-------- Supplied information --------
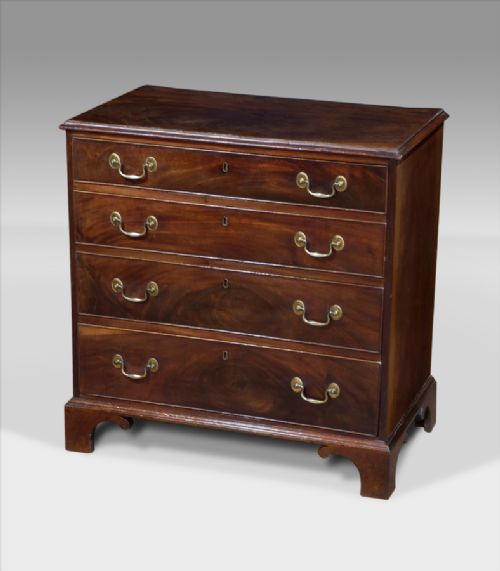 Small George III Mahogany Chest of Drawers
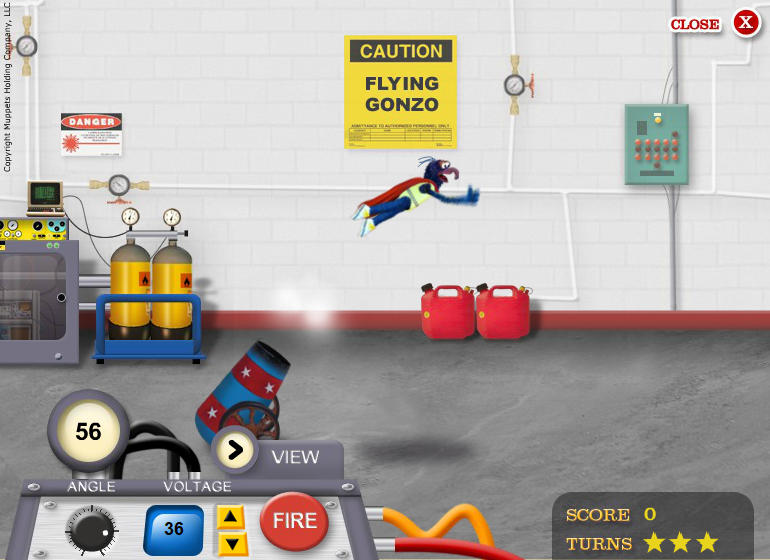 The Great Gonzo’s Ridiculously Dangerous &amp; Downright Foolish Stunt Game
--------
-------- Supplied information --------
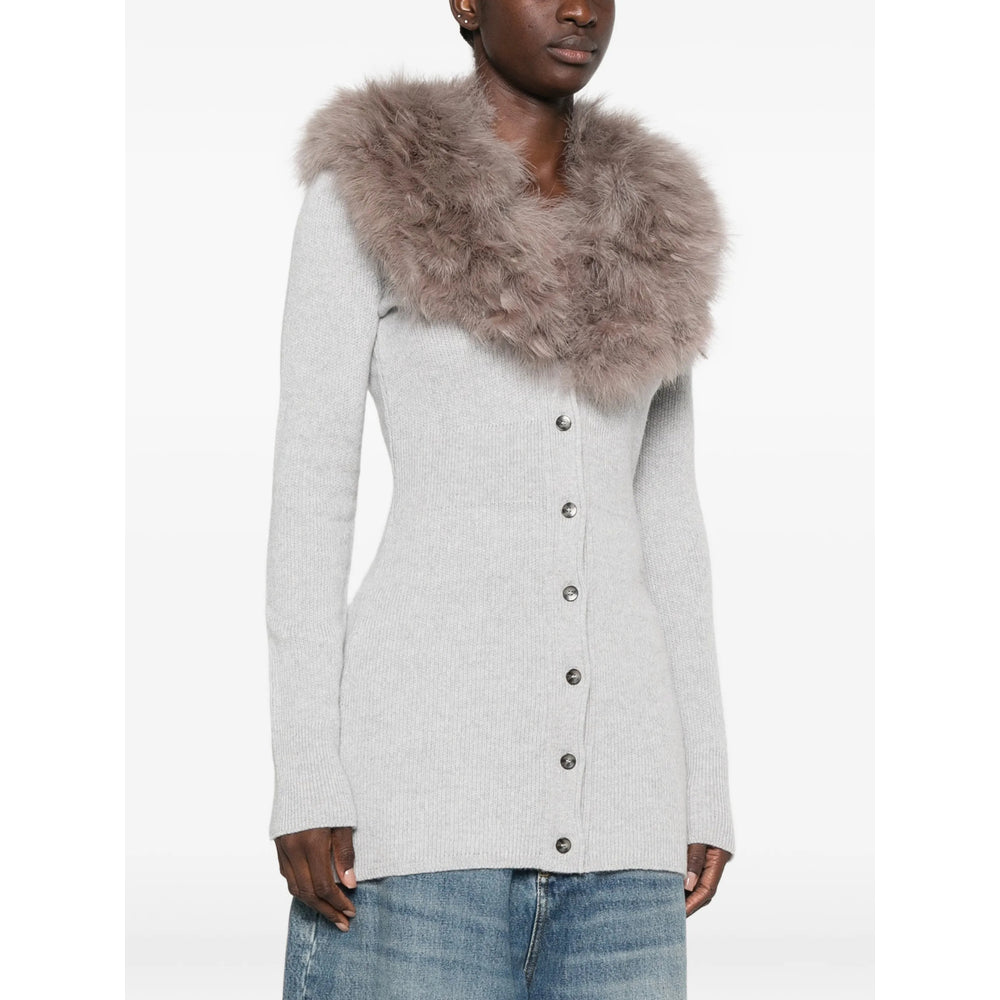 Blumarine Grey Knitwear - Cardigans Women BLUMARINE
--------
-------- Supplied information --------
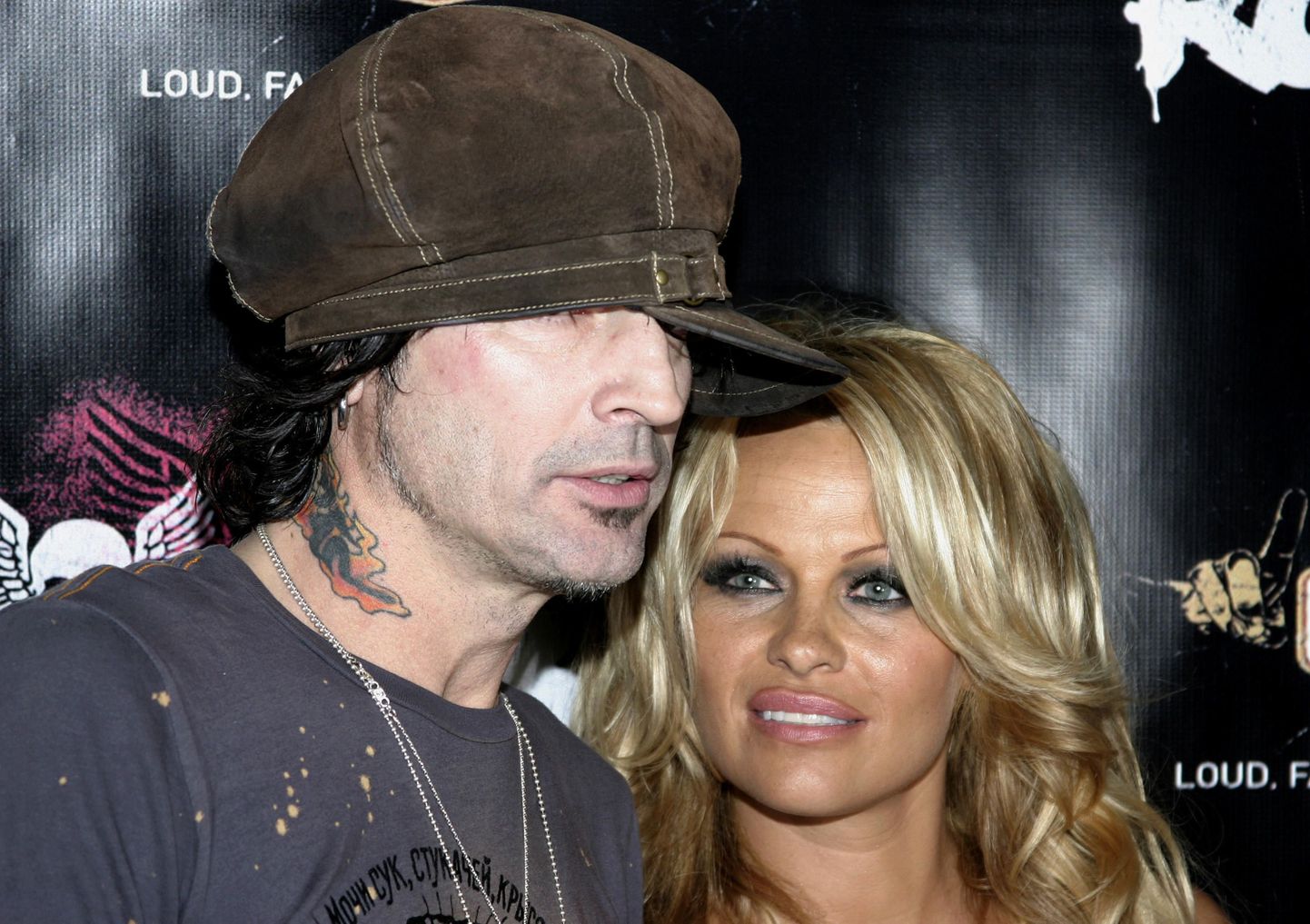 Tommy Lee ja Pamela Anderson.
--------
▶ **What is being asked**: Each line above from the one containing "Small George III Mahogany Chest of Drawers" through the one containing "The Great Gonzo’s" is to be returned verbatim. Nothing else, and no pictures.

▶ **Result**:
 Small George III Mahogany Chest of Drawers
 The Great Gonzo’s Ridiculously Dangerous &amp; Downright Foolish Stunt Game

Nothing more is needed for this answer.